Mais ça n’a pas été le seul élément à intriguer les Français. L’altitude du Teide, une information très utile pour les marins, a été une autre source d’obsession. Le père Louis Feuillée, membre de la première expédition scientifique sur l’archipel, a tenté de la déterminer sans trop de succès. Une mesure qui a été corrigée en 1776 par le mathématicien, physicien, astronome et marin Jean-Charles de Borda, qui l’a établi à 3 713 mètres, seulement deux de moins que l’altitude réelle du volcan. Mais la nature canarienne a également éveillé l’imagination d’autres personnages importants. Le terrain volcanique a été la matière d’études de géologues et de nombreux astronomes sont venus, séduits par la clarté des ciels nocturnes de l’archipel. Un territoire inspirant qui a également été cité dans certaines réflexions et ouvrages d’écrivains célèbres tels que Victor Hugo ou Jules Verne.
« Histoire naturelle des îles Canaries », un ouvrage d’une grande importance
Sabin Berthelot était un naturaliste marseillais qui a dédié une grande partie de sa vie à l’étude de l’archipel. Au cours de sa carrière professionnelle, il a également été directeur du Jardin d’Acclimatation de La Orotava (Tenerife), mais ça n’a pas été sa plus grande réussite.
Avec le botaniste britannique Phillip Barker Webb, ils ont parcouru les îles de haut en bas en prenant note de tout ce qu’ils voyaient. Ces notes ont peu à peu constitué un volume jusqu’à devenir « Histoire naturelle des îles Canaries », le plus important ouvrage d’histoire naturelle réalisé au XIXe siècle. Grâce à la quantité de détails recueillis et aux illustrations soignées, cette encyclopédie naturelle continue à être utiliser pour approfondir l’étude de la nature unique de l’archipel, en particulier certains endémismes.

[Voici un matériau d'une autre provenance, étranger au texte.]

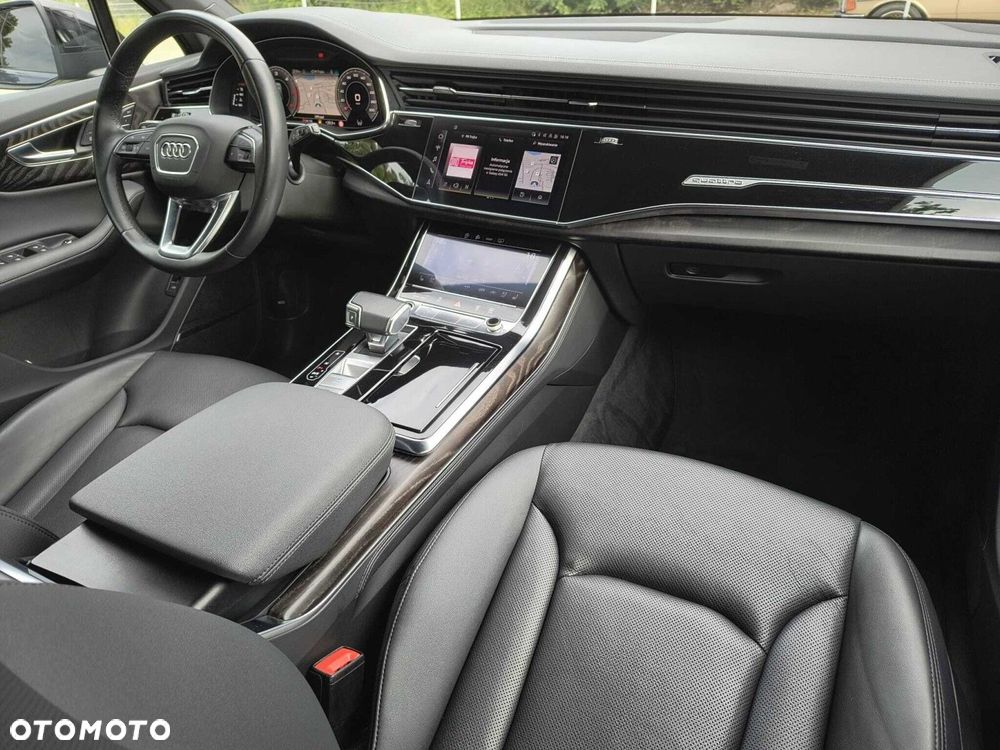 Audi Q7 - 13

Le plus grand collectionneur de crânes aborigènes
René Verneau est un autre Français à avoir laissé une trace importante dans la culture canarienne. Cet anthropologue est arrivé sur l’archipel missionné par le Musée d’Ethnographie du Trocadéro (actuel musée de l’Homme de Paris) afin d’étudier les aborigènes canariens. Avec son confrère canarien Gregorio Chil y Naranjo, ils ont parcouru les îles entre la fin du XIXe et le début du XXe siècle, recueillant des centaines de crânes guanches.
Cette collection croissante leur a permis d’inaugurer et d’y consacrer un espace propre, le Musée Canario (Gran Canaria), où est aujourd’hui encore conservée une spectaculaire exposition de crânes aborigènes ainsi que tout type de restes archéologiques et d’éléments historiques datant d’autres époques.

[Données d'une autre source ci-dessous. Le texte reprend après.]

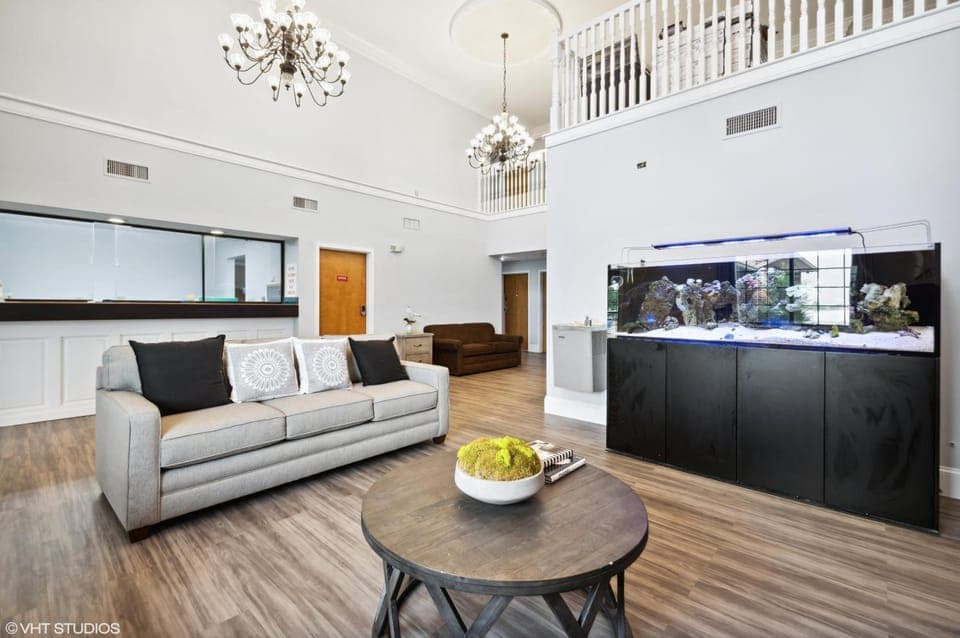 Shared lounge/TV area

La naissance d’une grande industrie
En plus de la communauté scientifique, des industriels et entrepreneurs d’origine française se sont également installés aux îles Canaries. C’est le cas d’Alfonso Gourié Álvarez, qui a décidé en 1884 de tirer profit des abondantes plantations de canne à sucre présentes à Gran Canaria pour créer sa propre distillerie, devançant ainsi les célèbres fabriques qui se sont développées à Cuba suite à l’apogée de cette culture. Gourié a installé sa distillerie de rhum à Arucas, une ville située au nord de l’île et à la riche tradition agricole, en posant ainsi la première pierre de ce que l’on connait aujourd’hui comme Arehucas, l’un des plus célèbres spiritueux locaux.
Des îles qui ont bien plus à raconter
Béthencourt, La Salle, Boutier, Le Verrier, Feuillée, Borda, Berthelot ou Verneau sont seulement quelques-uns des nombreux français qui ont marqué l’histoire et la culture de l’archipel au fil des siècles. Leur témoignage reste vivant à travers des lieux qu’ils ont habités et les objets ou documents exposés par des musées et des institutions canariennes.
Au fil des siècles, les îles Fortunées ont été l’objet d’études et d’admiration de nombreux autres peuples en plus des Français. La couronne espagnole, l’une des premières à s’y intéresser, a commencé la Conquête des îles Canaries en 1402. Mais l’archipel a également reçu la visite des Anglais, qui ont laissé derrière eux un héritage riche et varié qu’il est encore possible d’apprécier notamment grâce à des installations comme des clubs de golf.